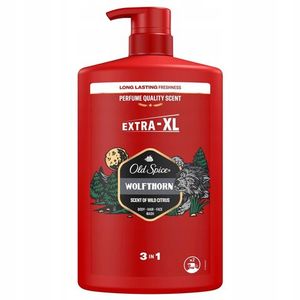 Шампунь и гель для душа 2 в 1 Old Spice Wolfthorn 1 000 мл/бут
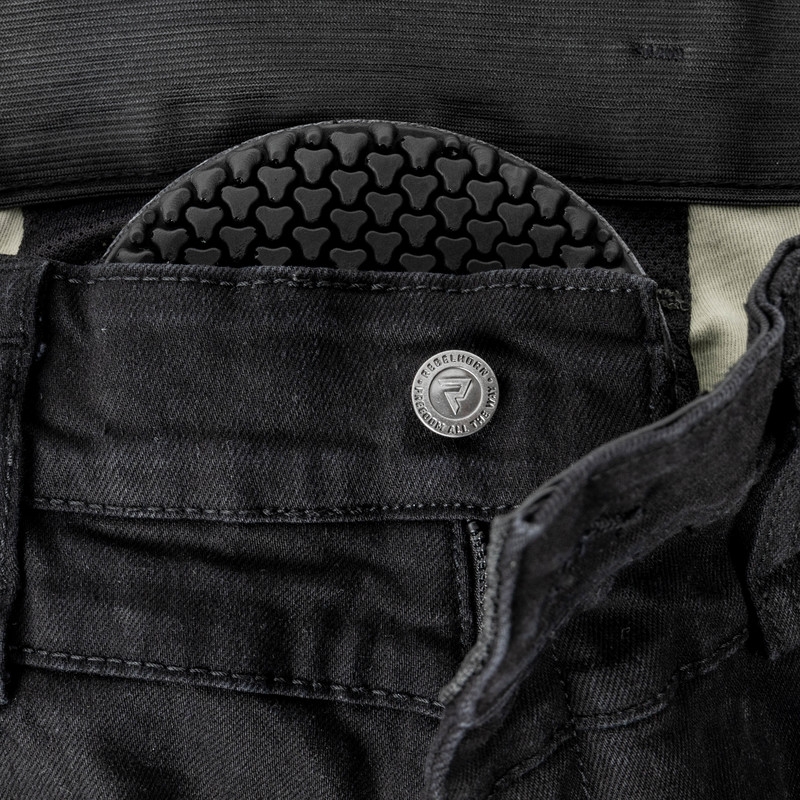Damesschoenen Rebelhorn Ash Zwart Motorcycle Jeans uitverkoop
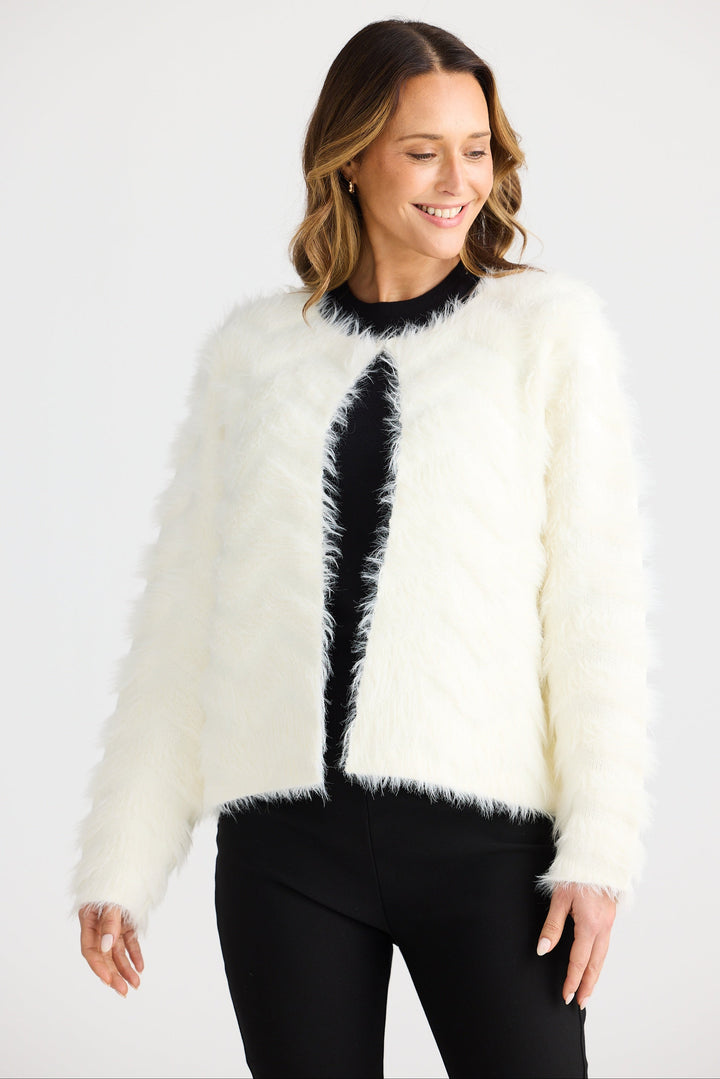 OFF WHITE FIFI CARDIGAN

--------------------------------

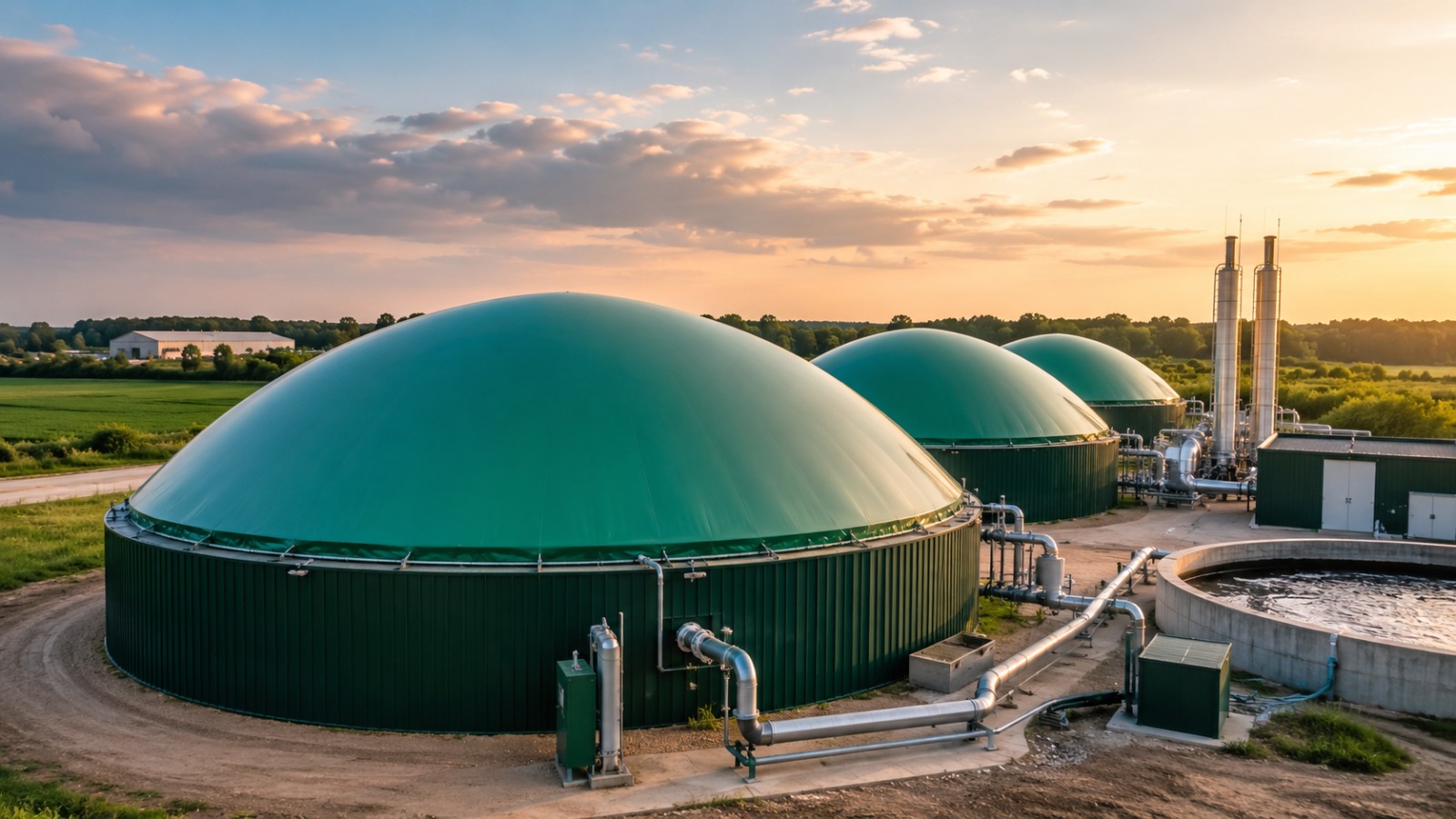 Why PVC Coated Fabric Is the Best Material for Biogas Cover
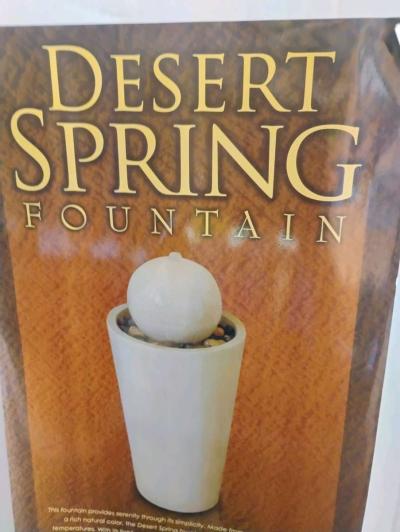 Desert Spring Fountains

--------------------------------

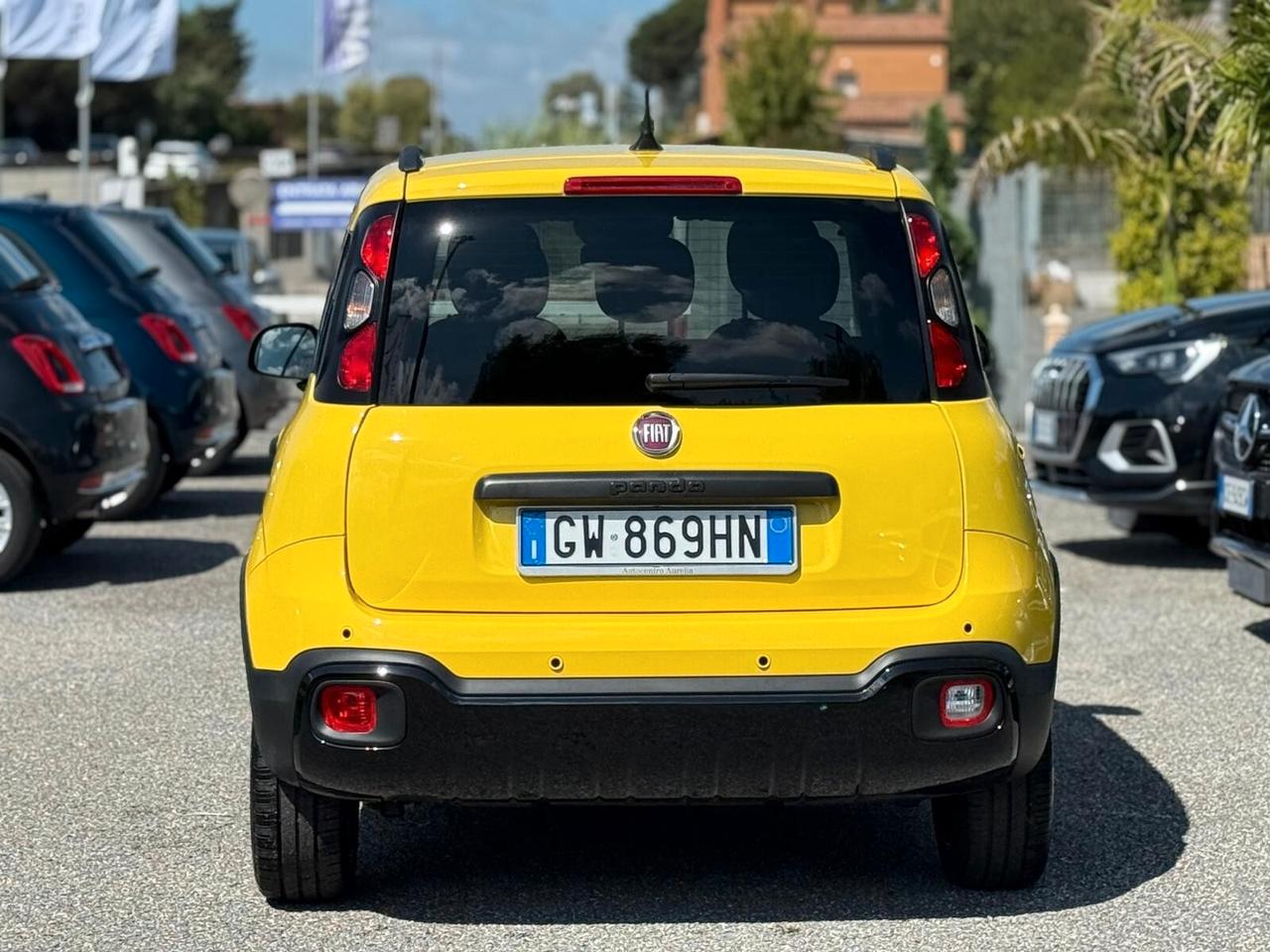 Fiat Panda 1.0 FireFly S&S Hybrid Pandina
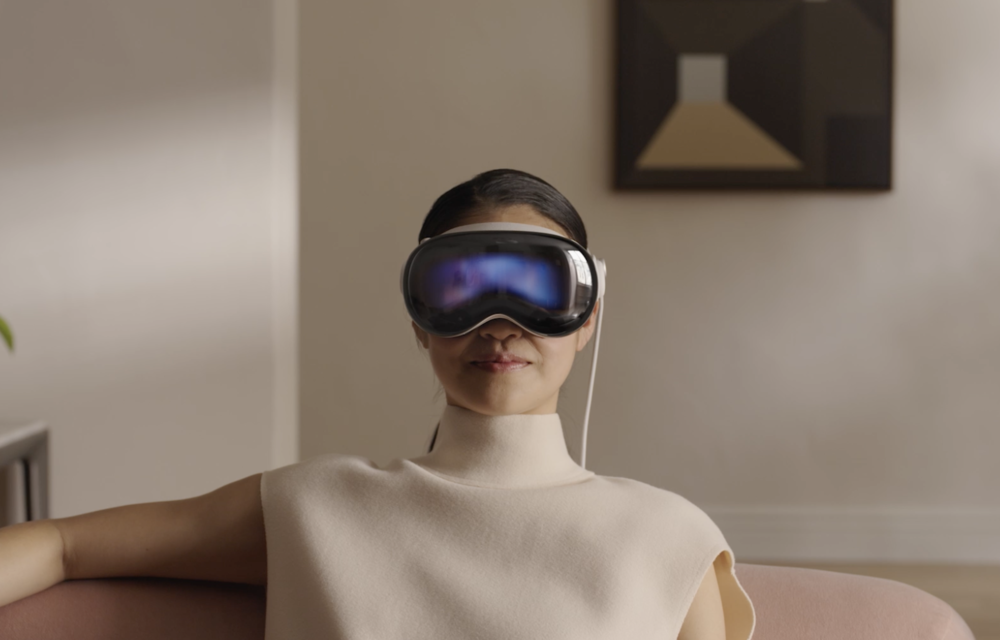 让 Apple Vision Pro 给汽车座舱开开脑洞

--------------------------------

## What to work on
What you write must match the listing exactly, from the line with "Why PVC Coated" up to and including the line with "Desert Spring Fountains". Pictures stay out.

## Result
 Why PVC Coated Fabric Is the Best Material for Biogas Cover
 Desert Spring Fountains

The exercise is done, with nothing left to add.